وَمَن يَبْتَغِ غَيْرَ ٱلْإِسْلَٰمِ دِينًا فَلَن يُقْبَلَ مِنْهُ وَهُوَ فِى ٱلْءَاخِرَةِ مِنَ ٱلْخَٰسِرِينَ

‘Barangsiapa yang mencari selain Islam sebagai agama, maka tidak akan diterima darinya, dan di akhirat dia pasti akan termasuk golongan orang-orang yang merugi’ (QS. Ali ‘Imran: 85).” (Lihat Mawa’izh Syaikhul Islam Ibnu Taimiyah, hal. 30).

Ibnu Taimiyah Rahimahullah juga berkata, “Banyak orang yang mengidap riyā’ dan ujub. Riyā’ termasuk mempersekutukan Allah dengan makhluk. Adapun ujub adalah bentuk mempersekutukan Allah dengan diri sendiri. Dan inilah kondisi orang yang sombong. Seseorang yang riyā’ berarti tidak melaksanakan kandungan ayat iyyaka na’budu. Adapun orang yang ujub, dia tidak mewujudkan kandungan ayat iyyaka nasta’in. Barangsiapa yang mewujudkan maksud ayat iyyaka na’budu, maka dia terbebas dari riyā’. Dan barangsiapa yang berhasil mewujudkan maksud ayat iyyaka nasta’in, maka dia akan terbebas dari ujub” (lihat Mawa’izh Syaikhul Islam Ibnu Taimiyah, hal. 83).
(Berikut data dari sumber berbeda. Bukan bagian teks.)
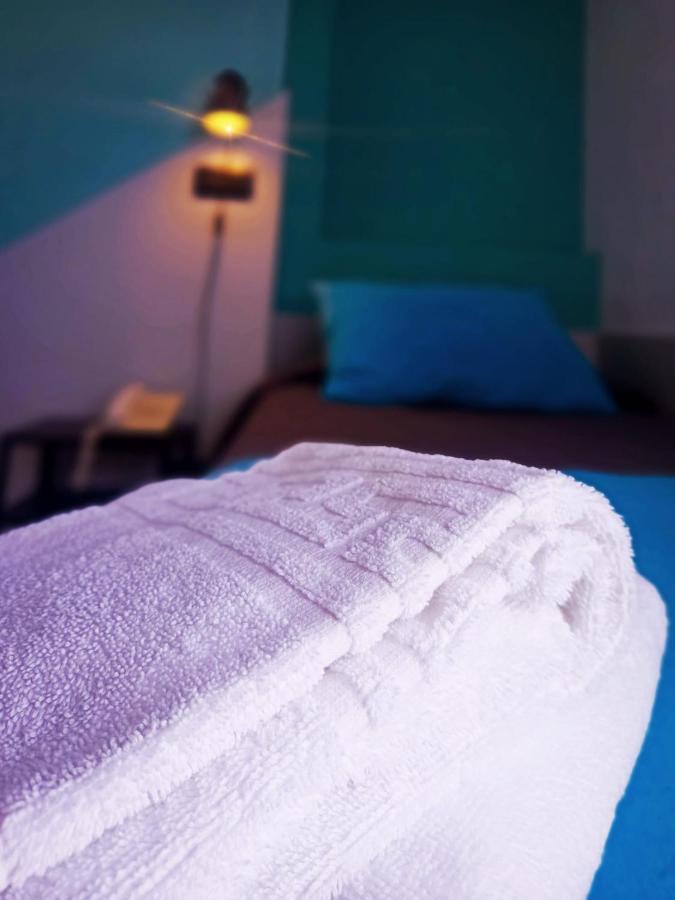 Hotel Abelay Palma de Mallorca Buitenkant foto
Syekh Shalih al-Fauzan Hafizhahullah berkata, “Di dalam kalimat ‘iyyaka na’budu’ terkandung tauhid uluhiyah, yaitu mengesakan Allah dengan perbuatan-perbuatan hamba yang disyariatkan oleh Allah untuk mereka. Hal ini karena uluhiyah bermakna ibadah. Dan ibadah itu adalah bagian dari perbuatan hamba. Adapun ‘wa iyyaka nasta’in’ mengandung tauhid rububiyah. Karena pertolongan adalah salah satu perbuatan Rabb Yang Maha Suci. Dan tauhid rububiyah itu adalah mengesakan Allah dalam hal perbuatan-perbuatan-Nya” (lihat Silsilah Syarh Rasa’il, hal. 195).

Semua ayat yang membicarakan tentang perbuatan-perbuatan Allah, itu tercakup dalam tauhid rububiyah. Dan semua ayat yang membicarakan tentang ibadah, perintah untuk beribadah dan ajakan kepadanya, maka itu mengandung tauhid uluhiyah. Dan semua ayat yang membicarakan tentang nama-nama dan sifat-sifat-Nya, maka itu mengandung tauhid asma’ wa shifat (lihat at-Ta’liqat al-Mukhtasharah ‘alal ‘Aqidah ath-Thahawiyah, hal. 29 oleh al-Fauzan).

Demikian catatan yang bisa kami rangkum dalam kesempatan ini dengan kemudahan yang Allah berikan. Semoga bermanfaat bagi kita semuanya. Wallahul muwaffiq.